Finding she greatly enjoyed chemistry while in high school, Dr. Butel initially thought to pursue pharmacy, but became fascinated with virology after taking a course on microbiology. After graduating with a Bachelor of Science, summa cum laude, from Kansas State University in 1963, she became a graduate fellow with the National Science Foundation from 1963 to 1966 and earned her Doctor of Philosophy, with honors, from Baylor University in 1966. She concluded her studies as a postdoctoral fellow at Baylor College of Medicine from 1966 to 1968. In 2003, she was recognized as a Kansas State University alumni fellow, and has twice been named Distinguished Alumnus of the Graduate School of Biomedical Sciences by Baylor College of Medicine, first in 2002 and again in 2017.

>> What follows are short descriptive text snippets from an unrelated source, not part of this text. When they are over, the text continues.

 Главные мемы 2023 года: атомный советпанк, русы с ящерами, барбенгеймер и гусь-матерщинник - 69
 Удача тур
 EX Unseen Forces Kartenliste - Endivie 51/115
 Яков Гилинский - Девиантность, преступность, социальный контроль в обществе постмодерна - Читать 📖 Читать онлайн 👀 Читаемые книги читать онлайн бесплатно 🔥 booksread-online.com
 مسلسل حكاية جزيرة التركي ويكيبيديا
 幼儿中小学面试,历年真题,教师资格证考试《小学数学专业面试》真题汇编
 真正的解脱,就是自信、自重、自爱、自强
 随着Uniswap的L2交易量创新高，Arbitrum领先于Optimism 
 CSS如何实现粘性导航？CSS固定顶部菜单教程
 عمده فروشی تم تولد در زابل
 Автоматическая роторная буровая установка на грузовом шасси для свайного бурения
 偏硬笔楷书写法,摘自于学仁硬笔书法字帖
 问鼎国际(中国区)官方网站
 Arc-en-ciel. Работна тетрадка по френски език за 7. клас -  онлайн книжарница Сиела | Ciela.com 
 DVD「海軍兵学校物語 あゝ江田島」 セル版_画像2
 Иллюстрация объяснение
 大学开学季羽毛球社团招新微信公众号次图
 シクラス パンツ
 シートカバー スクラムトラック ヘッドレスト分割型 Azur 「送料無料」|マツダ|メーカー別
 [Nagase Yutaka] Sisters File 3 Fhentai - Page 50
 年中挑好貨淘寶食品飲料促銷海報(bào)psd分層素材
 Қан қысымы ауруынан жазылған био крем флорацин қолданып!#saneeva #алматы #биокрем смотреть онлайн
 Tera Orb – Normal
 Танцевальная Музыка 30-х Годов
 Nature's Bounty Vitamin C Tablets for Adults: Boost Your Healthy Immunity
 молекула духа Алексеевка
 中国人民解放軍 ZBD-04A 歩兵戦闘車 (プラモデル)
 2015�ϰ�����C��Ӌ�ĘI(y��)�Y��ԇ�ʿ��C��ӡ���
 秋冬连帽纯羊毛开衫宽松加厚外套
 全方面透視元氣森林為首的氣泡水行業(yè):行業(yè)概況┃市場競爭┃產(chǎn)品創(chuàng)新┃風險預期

For excellence in her career, Dr. Butel has been the recipient of a number of honors and accolades. Between 1973 and 2015, she received continuous research grants from the National Institutes of Health and was the recipient of a Women in Cancer Research-Charlotte Friend memorial lectureship in 2007. Later on, she was presented with the BioHouston Women in Science Award in 2013 and was honored at the Harris County Medical Society’s Women in Health & Medical Science Gala in 2014. Interviewed for the Texas Medical Center Women’s History Project in 2015, she had January 6th named Dr. Janet Butel Day in Houston by Mayor Sylvester Turner in 2017. In light of all her accomplishments, she was presented with the Albert Nelson Marquis Lifetime Achievement Award in 2020.
Born in Overbrook, Kansas, to father Floyd Charles Butel and mother Bernice Humbert, Dr. Butel has been happily married to her husband, David Yates Graham, MD, since 1967. Together they are the proud parents of two children, Kathleen Lomax, MD, and David P. Graham, MD, and grandparents to twin granddaughters. Dr. Butel’s family also included four brothers. Enjoying gardening in her free time, Dr. Butel intends to continue writing papers in her retirement as well as conducting Zoom meetings and seminars.